Wahlstrom is the product of four previous generations of artists. He has fond memories of a grandmother who painted. His father, a businessman in the 1960s and 70s, insisted his wife accompany him to social functions, meaning ultimately she could not pursue her artistic gifts, leaving her son Johan to complete the dream. But it did not happen immediately.
When younger he played keyboards and sang in a rock ‘n’ roll band. For 18 years he stared out at audiences with his own band that toured with the likes of Ian Hunter, Graham Parker, and Mick Ronson.
He explains the “distorted faces” have now become “almost abstract to show the emotions and expressions” of the masses they depict. I believe that all of us take part of our society´s debates and questions and not only when it is election time.”
A gentleman who walked into the gallery behind me was surprised this was not a Jackson Pollock show. A closer look at Wahlstrom’s work revealed the Jean Dubuffet-style faces that make an appearance in almost every work and separate him from Pollock. Wahlstrom’s canvasses, while dense, have a lighter feel than those of the Abstract Expressionist. Some of his dripped paint lines are so sylph-like than I could not imagine one splattered thinner or wispier.

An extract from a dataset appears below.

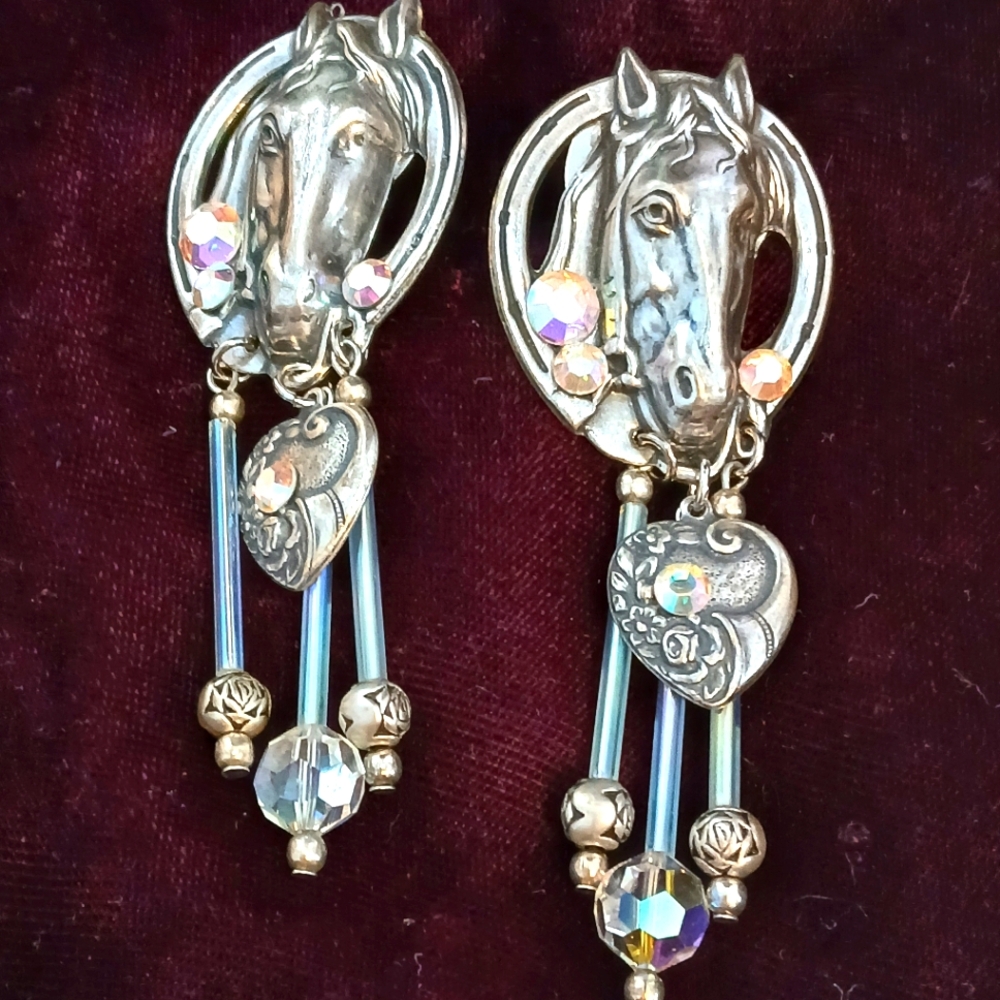 Rodeo Western Antiqued Silver Horse Head Dangle & Bling  Post Earrings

In Feeling Intense, fine white jiggly lines completely cover a single black, red and gold face that reminded me of the image of an alien seen staring at the camera at the end of the credits in the initial season of Star Trek. As the theme music would swell and “A Desilu Prouduction” in distinctive yellow type was emblazoned across the family TV screen of my youth, a red and purple and blue alien life form would stare out at me, the unsuspecting viewer. I realized this was the same uncomfortable feeling elicited in me while looking through the top layer of Wahlstrom’s attenuated white squiggly paint drips.
A couple of the other paintings reminded me of Van Gogh skies interrupted by Art Brut red faces and hands—subtly hidden amongst all the activity. In another work, what I thought was negative space were actually white blotches poked onto the surface. When I entered the gallery I was immediately struck by a large red, white and pink work that almost succeeded in stopping me from spotting a white Matisse-like face hovering just above the horizon line.

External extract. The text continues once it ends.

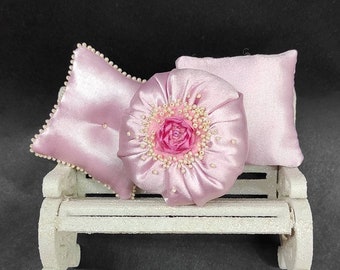 Miniature cushion for a doll/'s sofa Set 3pcs Miniature pink cushion dollhouses Blythe Romantic Cushion for Popovy Sisters Pullip Barbie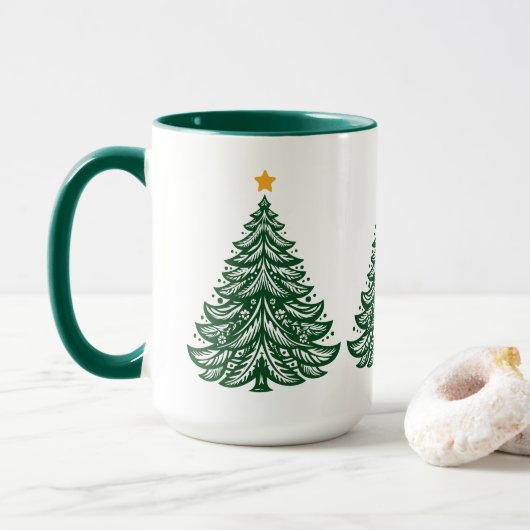 北欧フォークアートグリーンクリスマスツリーコーヒー マグカップ (ドーナツ付き)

I was told Wahlstrom’s previous works were painted hanging on the wall with the new, more abstract ones, always on the floor. But that some of these works contain both variations in the same canvas.
The artist’s long-term goals are major museums and auction houses “once the time is ready.” He explains how the four P’s: Place, Promotion, Price and Product apply to art. “Marketing is to me very important.” We even discuss a small “place” on the Lower East Side and how it could be harder to find than a large gallery in Soho where Leo Castelli used to be, depending on the era. In fact, Castelli and Sonnabend Galleries were nearby the current Georges Bergès spot, back in the day. “The relation between being in a gallery that is in a good place,” the artist says, “with a product that is priced correctly, makes a huge difference.” Such principles are “so true and relevant when it comes to art as well as any other product or service.”

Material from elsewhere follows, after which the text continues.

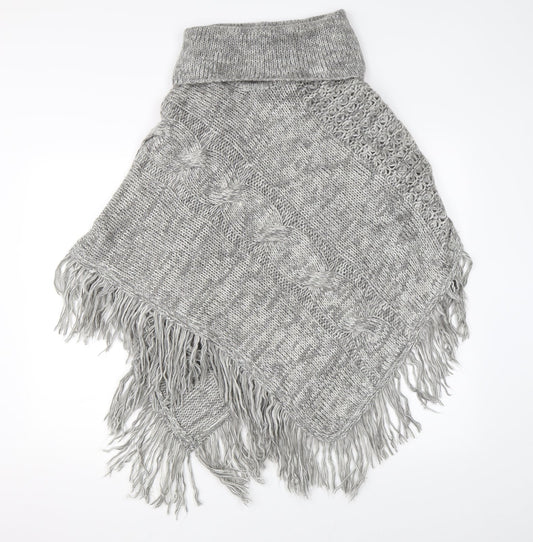 M&Co Womens Grey  Knit Jacket Poncho Size M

Wahlstrom has been seen in important group shows in Europe with artists from Gerhard Richter to Joseph Beuys. The works at Georges Bergès are being grabbed up by collectors.
While Wahlstrom addressed political issues directly in his previous works and he says is still “socially and politically engaged,” these new, more complex and painterly compositions have led to work that speaks more loudly while using a less didactic voice. He said, “I do believe that as an artist, our art should reflect our society of today and I want to be a part of the debate.”